Stage 2: Reward Model Training
Present annotators with a prompt and two or more model responses; they rank or compare responses by quality. Train a reward model \(r_\phi(x, y)\) — typically the SFT model with a scalar head added — to predict human preference:
\[ \mathcal{L}_\text{RM} = -\mathbb{E} \left[\log \sigma(r_\phi(x, y_w) - r_\phi(x, y_l))\right], \]
where \(y_w\) is preferred over \(y_l\). The reward model generalizes from annotated pairs to score any (prompt, response).
Stage 3: RL Optimization
Treat the language model as a policy \(\pi_\theta\) and the reward model as the reward function. Use PPO (Schulman et al. 2017) to optimize:
\[ \mathcal{L}_\text{PPO} = \mathbb{E}\left[r_\phi(x, y) - \beta \, \mathrm{KL}(\pi_\theta \| \pi_\text{SFT})\right], \]
where the KL term prevents the policy from drifting too far from the SFT model (reducing reward hacking — finding behaviors that score well on \(r_\phi\) but are not genuinely better).
Direct Preference Optimization
RLHF is complex: the RL step is unstable, sensitive to hyperparameters, and prone to reward hacking.
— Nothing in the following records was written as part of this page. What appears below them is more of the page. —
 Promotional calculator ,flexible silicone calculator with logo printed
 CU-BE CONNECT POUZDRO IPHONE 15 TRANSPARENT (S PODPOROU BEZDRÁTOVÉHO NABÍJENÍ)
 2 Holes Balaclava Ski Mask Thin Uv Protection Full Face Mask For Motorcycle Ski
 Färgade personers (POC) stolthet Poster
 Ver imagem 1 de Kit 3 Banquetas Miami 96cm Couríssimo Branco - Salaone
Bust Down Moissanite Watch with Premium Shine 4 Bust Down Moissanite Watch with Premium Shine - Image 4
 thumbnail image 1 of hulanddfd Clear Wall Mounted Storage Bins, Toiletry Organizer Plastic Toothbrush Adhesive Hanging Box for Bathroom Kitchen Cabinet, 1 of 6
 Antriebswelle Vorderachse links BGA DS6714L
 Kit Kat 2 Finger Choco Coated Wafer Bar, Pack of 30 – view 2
DPO (Rafailov et al. 2023) bypasses RL entirely by directly optimizing the policy from preference pairs:
\[ \mathcal{L}_\text{DPO} = -\mathbb{E}\left[\log \sigma\!\left(\beta \log \frac{\pi_\theta(y_w \mid x)}{\pi_\text{SFT}(y_w \mid x)} - \beta \log \frac{\pi_\theta(y_l \mid x)}{\pi_\text{SFT}(y_l \mid x)}\right)\right]. \]
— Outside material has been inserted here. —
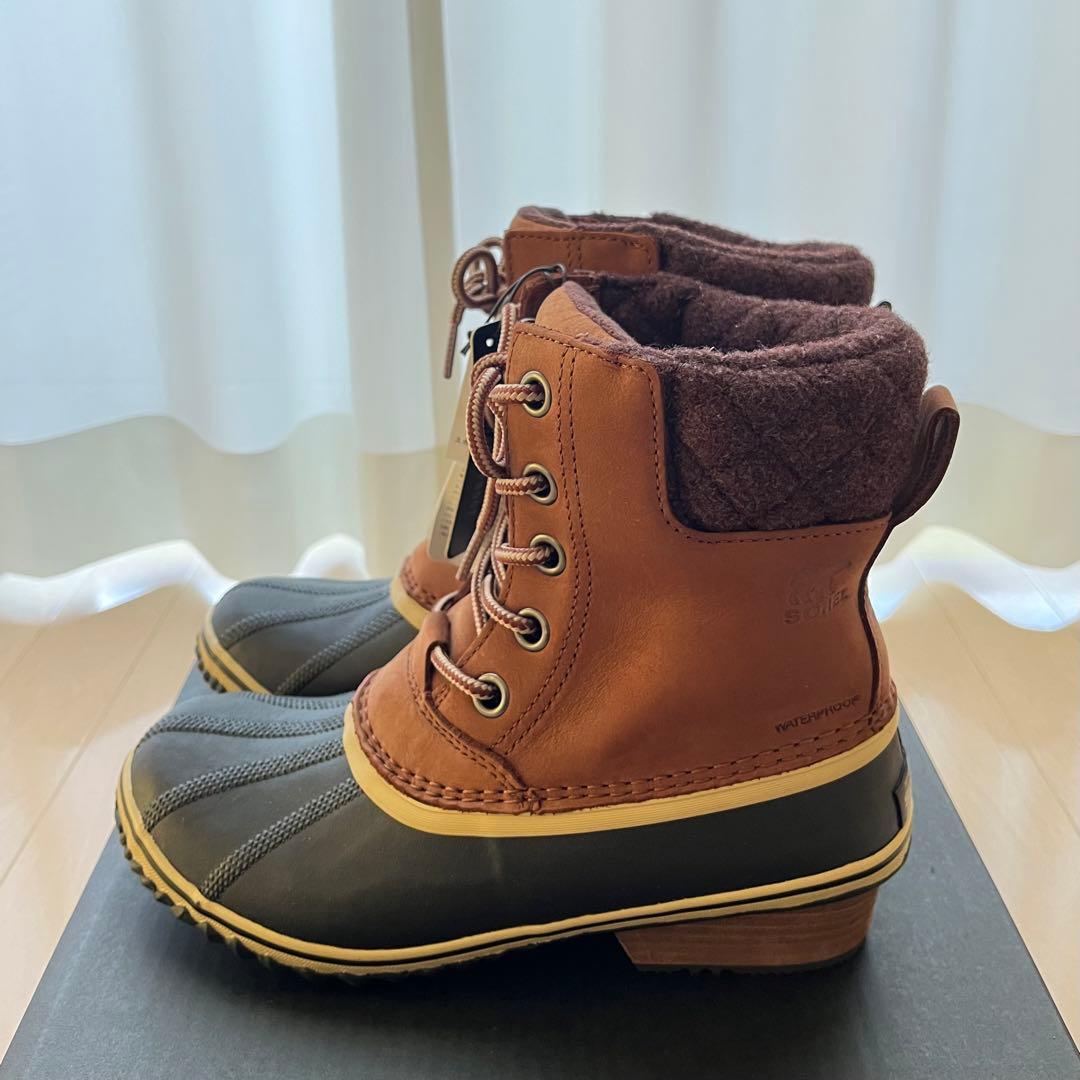 新品未使用品 SOREL SLIMPACK LACE Ⅱ 25cm - メルカリ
DPO is simpler, more stable, and avoids the reward model entirely. It is now widely used.
Process vs. Outcome Reward Models
Standard RLHF rewards the final response — an outcome reward model (ORM). For tasks with long reasoning chains, outcome rewards provide a sparse signal: feedback comes only after generating hundreds of tokens, making credit assignment difficult.
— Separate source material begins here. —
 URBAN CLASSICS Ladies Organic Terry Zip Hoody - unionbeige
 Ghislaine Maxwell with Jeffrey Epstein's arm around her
A process reward model (PRM) scores each step in the reasoning chain individually. PRMs provide denser feedback, enable step-level rejection sampling, and discourage chains that reach correct final answers via incorrect intermediate steps. The trade-off: PRMs require step-level annotation, which is expensive.
Group Relative Policy Optimization
GRPO is a variant designed for reasoning tasks. For each prompt it samples a group of \(G\) responses \(y_1, \ldots, y_G\), scores each with a verifier or reward model, and normalizes advantages by the group mean and standard deviation:
\[ A_i = \frac{r_i - \mu_G}{\sigma_G}, \qquad \mu_G = \frac{1}{G}\sum_{j=1}^G r_j. \]
Policy gradient updates then use these group-normalized advantages. GRPO eliminates the value-function baseline used in PPO, reducing memory and compute overhead, and has been applied effectively to mathematical reasoning tasks.
Relationship to Policy Gradient
Post-training RL is an application of policy gradient methods. The policy is the language model, the action space is the vocabulary at each step, and the environment is a reward model or a verifiable task (math, code). The key differences from classical RL are the enormous action and state spaces and the critical importance of staying close to the pretrained initialization — without the KL penalty, the policy quickly degrades language quality while optimizing reward.